La démocratie montre des signes de résistance tant au nord – du jeu des contre-pouvoirs aux États-Unis à la société civile en Pologne ou en Hongrie en passant par la stabilisation de l’extrême droite en Allemagne ou en Europe du Nord – comme au sud, avec les manifestations pour la liberté à Hongkong, en Algérie, au Soudan ou en Géorgie. Mais la pénétration du populisme au plus profond des institutions et des sociétés développées reste très impressionnante et inquiétante.
La France en est exemplaire qui se présente, depuis l’élection d’Emmanuel Macron, comme un rempart contre le populisme alors qu’elle en est imprégnée. Si les partis populistes ne gouvernent pas encore, le populisme est déjà au pouvoir dans notre pays. Populisme fiscal et budgétaire avec la course folle des dépenses sociales qui cannibalisent l’État régalien ou la taxation confiscatoire d’une minorité qui va de pair avec la gratuité généralisée des services pour le plus grand nombre. Populisme législatif avec la multiplication des lois de circonstance attentatoires aux libertés publiques. Populisme judiciaire avec la décomposition de l’État de droit et l’annihilation des droits de la défense. Populisme médiatique avec la tyrannie des réseaux sociaux. Populisme institutionnel avec le mépris affiché au sommet de l’État pour toute forme de contre-pouvoir, le Parlement ou la société civile. Populisme intellectuel avec la délégitimation de la science et de la connaissance. Populisme politique avec la recherche permanente de boucs émissaires, des étrangers aux riches en passant par les banques ou l’ENA. Populisme moral avec l’abandon de la raison critique et du débat au profit de l’indignation et de l’émotion.
Voilà pourquoi il est grand temps, y compris en France, de tirer les leçons des années 1930.
La démocratie est mortelle. C’est un régime complexe et fragile dont la stabilité dépend de quatre facteurs : le développement économique et social ; l’État de droit ; le primat de la modération sur l’extrémisme ; l’adhésion des citoyens à la liberté politique.
Les populistes doivent être pris au sérieux et non pas regardés avec amusement et condescendance comme ce fut le cas pour Beppe Grillo, Donald Trump ou Boris Johnson. Dans les périodes de grandes transformations historiques, ils peuvent non seulement arriver au pouvoir mais faire l’histoire. Donald Trump a de fait cassé la progression du commerce international et lancé la déglobalisation avec sa guerre commerciale, technologique et monétaire. Il a déclenché une confrontation majeure avec la Chine et démantelé l’ordre international issu de 1945.

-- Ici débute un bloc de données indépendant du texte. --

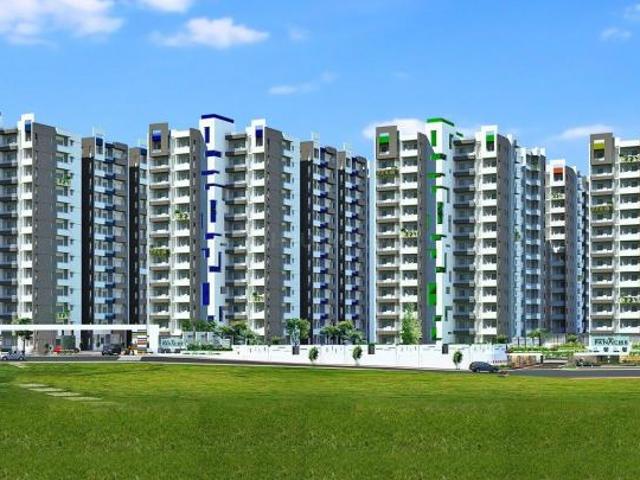 Gachibowli 3 BHK Apartment For Sale Hyderabad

Les institutions et les procédures de l’État de droit ne sont pas une protection sûre contre les démagogues qui les plient à leur volonté. Leurs échecs – avérés en Italie au plan économique comme au Royaume-Uni au plan du fonctionnement des institutions et de l’unité de la nation – ne provoquent pas leur chute mais une surenchère dans le mensonge et la violence.
Le populisme ne peut être combattu par le populisme. Le seul antidote efficace réside dans la réinvention de la démocratie avec un nouveau pacte économique, social et citoyen, comme à la fin du XIXe siècle avec l’émergence du salariat ou après la Seconde Guerre mondiale avec la naissance de l’État-Providence et le système de Bretton Woods. Il est bien vrai que les citoyens des démocraties et les nations libres doivent reprendre le contrôle de leur destin. Non par l’émotion, l’emballement des passions collectives et l’idolâtrie de la force, mais par la raison, la responsabilité et la mobilisation pour défendre la liberté. Ici et maintenant.